Please, note that in both cases you need to set the 'PYTHON' variable to the python interpreter you use. (If you go along without an installation just use 'PYTHON="/usr/bin/python"')

How to run this code

The file scripts/run.py is an interface for the code. If you want to write your own scripts, please consider this as an entry point.

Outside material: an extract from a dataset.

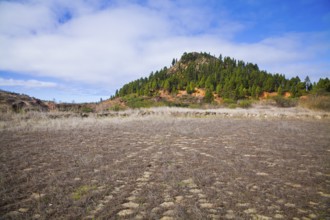 Captivating landscape of El Tanque, Tenerife, featuring the remnants of wheat hiking paths, lush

usage: run.py [-h] [--train_data TRAIN_DATA] [--test_data TEST_DATA]
              [--test_output TEST_OUTPUT] [--model_dir MODEL_DIR]
              [--options [OPTIONS [OPTIONS ...]]] [--verbosity VERBOSITY]
              [--profile] [--line_profile]
              solver_id

Runs xmcsvm solver.

positional arguments:
  solver_id             Id of the solver.

optional arguments:
  -h, --help            show this help message and exit
  --train_data TRAIN_DATA, -tr TRAIN_DATA
                        Path to train data.
  --test_data TEST_DATA, -te TEST_DATA
                        Path to test data.
  --test_output TEST_OUTPUT, -to TEST_OUTPUT
                        Path for test output.
  --model_dir MODEL_DIR, -m MODEL_DIR
                        Path to model directory.
  --options [OPTIONS [OPTIONS ...]], -O [OPTIONS [OPTIONS ...]]
                        Solver options.
  --verbosity VERBOSITY, -v VERBOSITY
                        Set verbosity.
  • Provide a training set via train_data to train or a model via model_dir to test.
  • In case you provide a test set, the trained or loaded model will be used to test it.
  • If you provide test_output the predicted labels will be stored in this file.
  • solver_id: llw_mr_sparse for LLW and ww_sparse for WW.
  • Options: Depending on the used solver you can set training options listed below.
  • In case you want to use MPI, please launch the solver with mpiexec.

Solver options

All Solvers

  • max_iter: maximum number of iterations over the training set. (default: 1000)
  • C: the regularization parameter. (default: 1)
  • epsilon: how precise to solve the problem. (default: 0.1)
  • shuffle: shuffle the training set at each iteration. (default: True)
  • seed: seed for the random number generator. (default: 1)
  • dtype: data type for floating point values. (default: "float64") ["float32" | "float64"]
  • idtype: data type for indices. (default: "uint64") ["uint32" | "uint64"]
  • nr_threads: number of threads to use. (default: 1)

llw

  • folds: split training set into folds and iterate over each as it would be a training set on its own. (default: 1)
  • shrinking: enable shrinking. (default: 0) [0 | 1]
  • shrink_state: shrink a sample/class combination after it is not updated for this number of iterations. (default: 1)

ww

  • group_count: join classes to group_count number of groups. (default: 2*(nr_threads*mpi_processes))
  • folds: split training set into folds and iterate over each as it would be a training set on its own. (default: 1)
  • shrinking: enable shrinking. (default: 0) [0 | 1]
  • shrink_state: shrink a sample/class combination after it is not updated for this number of iterations. (default: 1)

There are some more options available, though the are mainly for developing purposes.

Disclaimer

The code is in an alpha-state (development)!

The code is released under the MIT license.